Progesterone and estradiol are required for female-specific behaviors. We are using a similar genetic approach to label neuronal subsets that express receptors for these steroids. We expect to uncover sex differences in several regions expressing these receptors, indicating areas that may influence female behaviors. Several lines of evidence suggest that estradiol signaling is required for both male- and female-specific behaviors. Does estradiol act on distinct brain regions to effect male- and female-specific behaviors? In addition, what is the nature of the interaction between testosterone- and estradiol- signaling in the control of male behaviors? These and related issues are the focus of developmental studies using a genetic approach.
We plan to use several strategies, including microarray technology, to uncover dimorphic gene expression patterns in the brain. Such studies will highlight additional neuronal groups likely to influence dimorphic behaviors and will also enable us to use these genes as molecular tools to manipulate neurons genetically in future experiments.

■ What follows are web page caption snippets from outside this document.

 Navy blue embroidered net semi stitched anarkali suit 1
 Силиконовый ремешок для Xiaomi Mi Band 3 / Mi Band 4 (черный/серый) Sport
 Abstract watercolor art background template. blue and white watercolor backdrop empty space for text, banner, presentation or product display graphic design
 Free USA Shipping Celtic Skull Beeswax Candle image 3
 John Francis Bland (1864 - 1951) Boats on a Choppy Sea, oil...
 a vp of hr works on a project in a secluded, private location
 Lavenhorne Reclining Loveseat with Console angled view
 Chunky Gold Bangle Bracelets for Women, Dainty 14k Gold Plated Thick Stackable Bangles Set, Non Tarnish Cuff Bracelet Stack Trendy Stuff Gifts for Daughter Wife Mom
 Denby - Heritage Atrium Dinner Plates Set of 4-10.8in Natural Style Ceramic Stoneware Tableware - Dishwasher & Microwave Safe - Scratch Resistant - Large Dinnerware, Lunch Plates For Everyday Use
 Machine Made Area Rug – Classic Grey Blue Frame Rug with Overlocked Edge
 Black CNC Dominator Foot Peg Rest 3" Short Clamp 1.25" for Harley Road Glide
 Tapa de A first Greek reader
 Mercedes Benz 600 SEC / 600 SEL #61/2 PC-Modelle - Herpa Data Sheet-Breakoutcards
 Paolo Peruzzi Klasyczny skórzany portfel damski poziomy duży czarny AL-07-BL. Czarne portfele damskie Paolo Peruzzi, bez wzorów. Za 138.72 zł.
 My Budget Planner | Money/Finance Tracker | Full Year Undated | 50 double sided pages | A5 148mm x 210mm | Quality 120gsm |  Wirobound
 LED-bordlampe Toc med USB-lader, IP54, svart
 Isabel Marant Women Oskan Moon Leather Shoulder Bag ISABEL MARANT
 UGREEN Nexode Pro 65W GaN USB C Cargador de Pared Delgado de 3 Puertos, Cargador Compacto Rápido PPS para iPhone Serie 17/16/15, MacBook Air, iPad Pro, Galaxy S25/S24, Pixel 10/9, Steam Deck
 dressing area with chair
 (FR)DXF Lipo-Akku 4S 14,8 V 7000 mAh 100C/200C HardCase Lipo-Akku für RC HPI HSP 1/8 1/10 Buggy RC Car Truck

What is the behavioral contribution of sexual dimorphisms in the brain? We are designing genetic strategies that afford inducible and regionally restricted ablation or silencing of dimorphic neuronal subsets. In an effort to reveal the pathways in which these dimorphic neurons participate we will utilize established as well as novel genetic trans-synaptic tracers. These experiments will highlight the functional relevance of neuronal dimorphisms and reveal the pathways engaged during sex-specific behaviors. In mice sex-specific behaviors are regulated mainly by olfactory cues and hormonal signals. Our studies should ultimately provide an anatomic and functional link between hormonal and sensory cues and sexually dimorphic behaviors.